§ **WORK TASK**: Make an exact copy of the data below, leaving out every picture.

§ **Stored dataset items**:
--- START ---

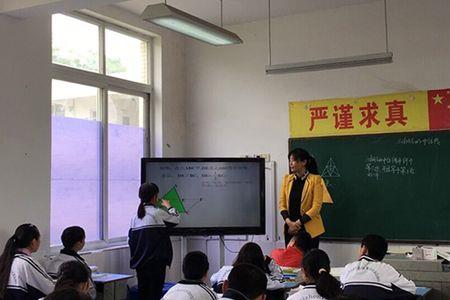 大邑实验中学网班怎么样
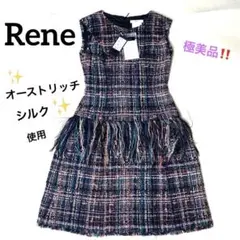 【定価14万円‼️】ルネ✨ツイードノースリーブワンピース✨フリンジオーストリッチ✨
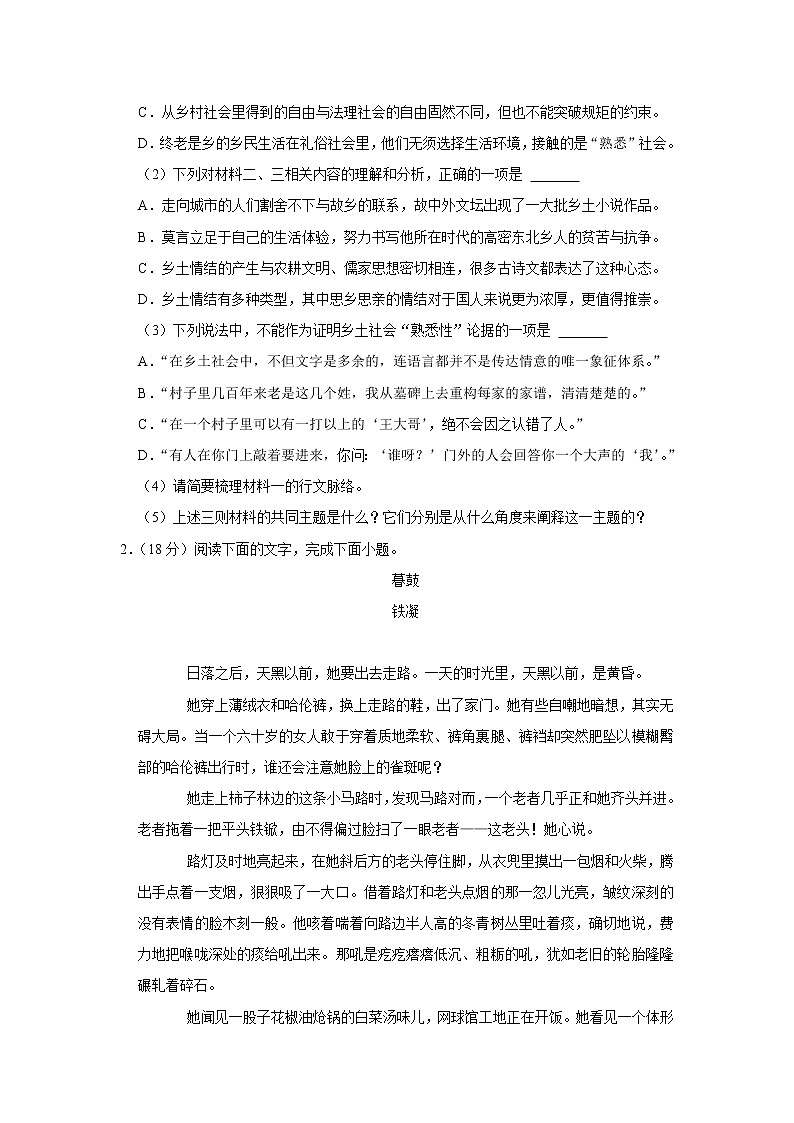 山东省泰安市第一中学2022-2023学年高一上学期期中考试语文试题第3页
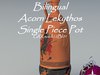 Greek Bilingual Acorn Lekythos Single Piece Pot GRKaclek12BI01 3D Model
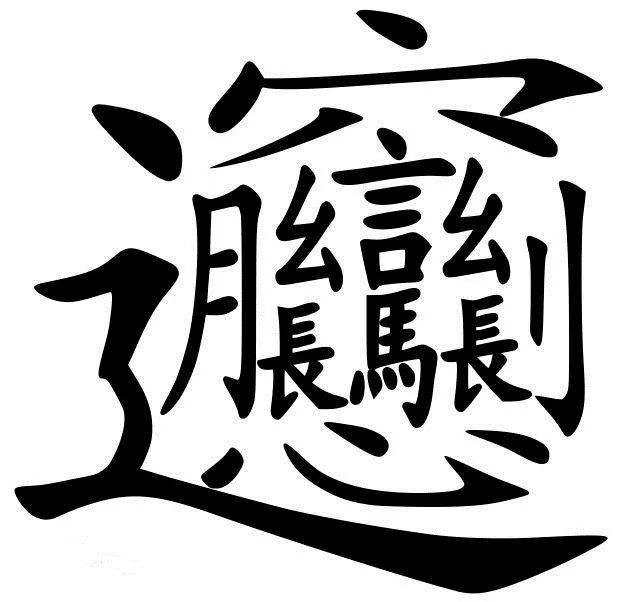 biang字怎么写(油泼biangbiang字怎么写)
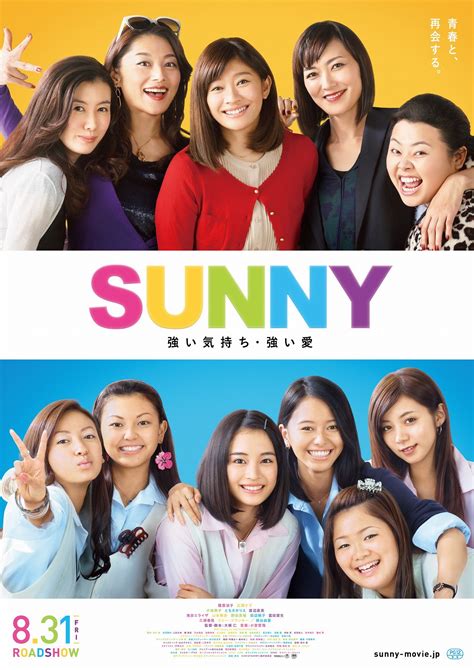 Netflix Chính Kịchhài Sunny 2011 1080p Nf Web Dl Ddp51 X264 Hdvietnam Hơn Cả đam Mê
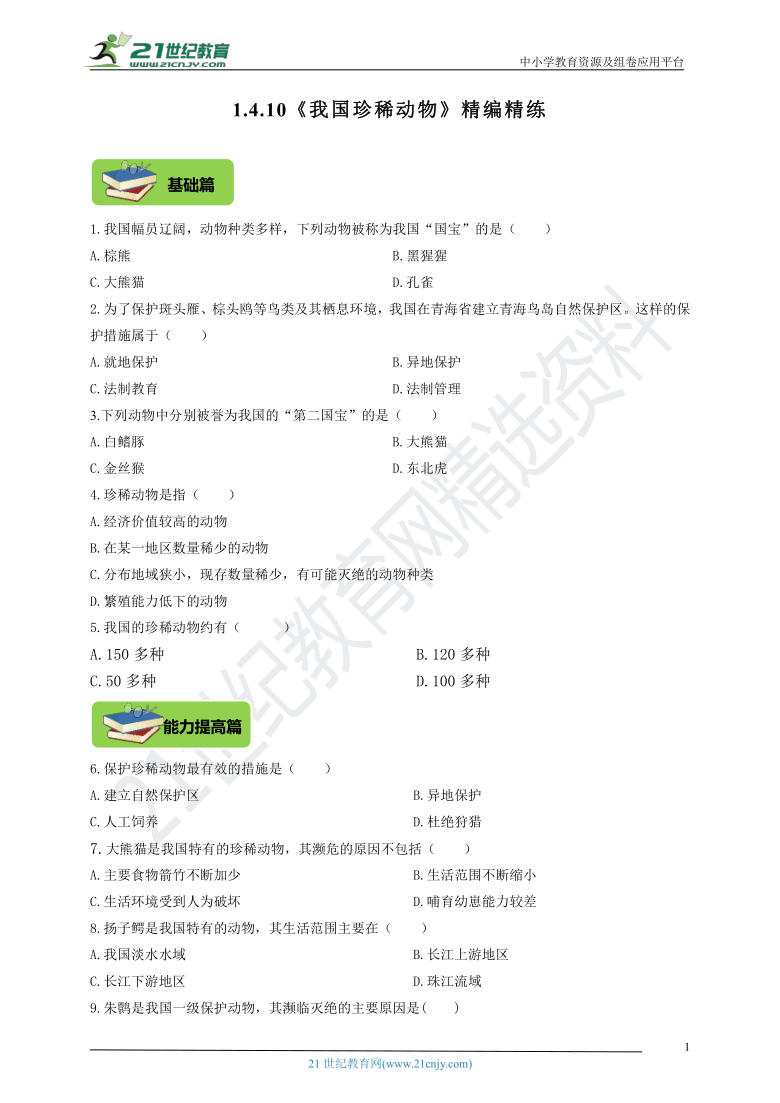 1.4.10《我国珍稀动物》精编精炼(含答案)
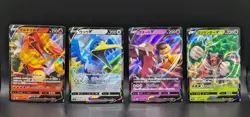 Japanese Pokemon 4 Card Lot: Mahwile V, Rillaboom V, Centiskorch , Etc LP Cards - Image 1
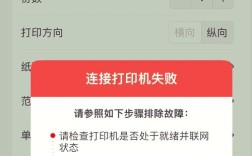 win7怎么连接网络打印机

--- END ---

§ **ANSWER TO THIS PROBLEM**:
 大邑实验中学网班怎么样
 【定価14万円‼️】ルネ✨ツイードノースリーブワンピース✨フリンジオーストリッチ✨
 山东省泰安市第一中学2022-2023学年高一上学期期中考试语文试题第3页
 Greek Bilingual Acorn Lekythos Single Piece Pot GRKaclek12BI01 3D Model
 biang字怎么写(油泼biangbiang字怎么写)
 Netflix Chính Kịchhài Sunny 2011 1080p Nf Web Dl Ddp51 X264 Hdvietnam Hơn Cả đam Mê
 1.4.10《我国珍稀动物》精编精炼(含答案)
 Japanese Pokemon 4 Card Lot: Mahwile V, Rillaboom V, Centiskorch , Etc LP Cards - Image 1
 win7怎么连接网络打印机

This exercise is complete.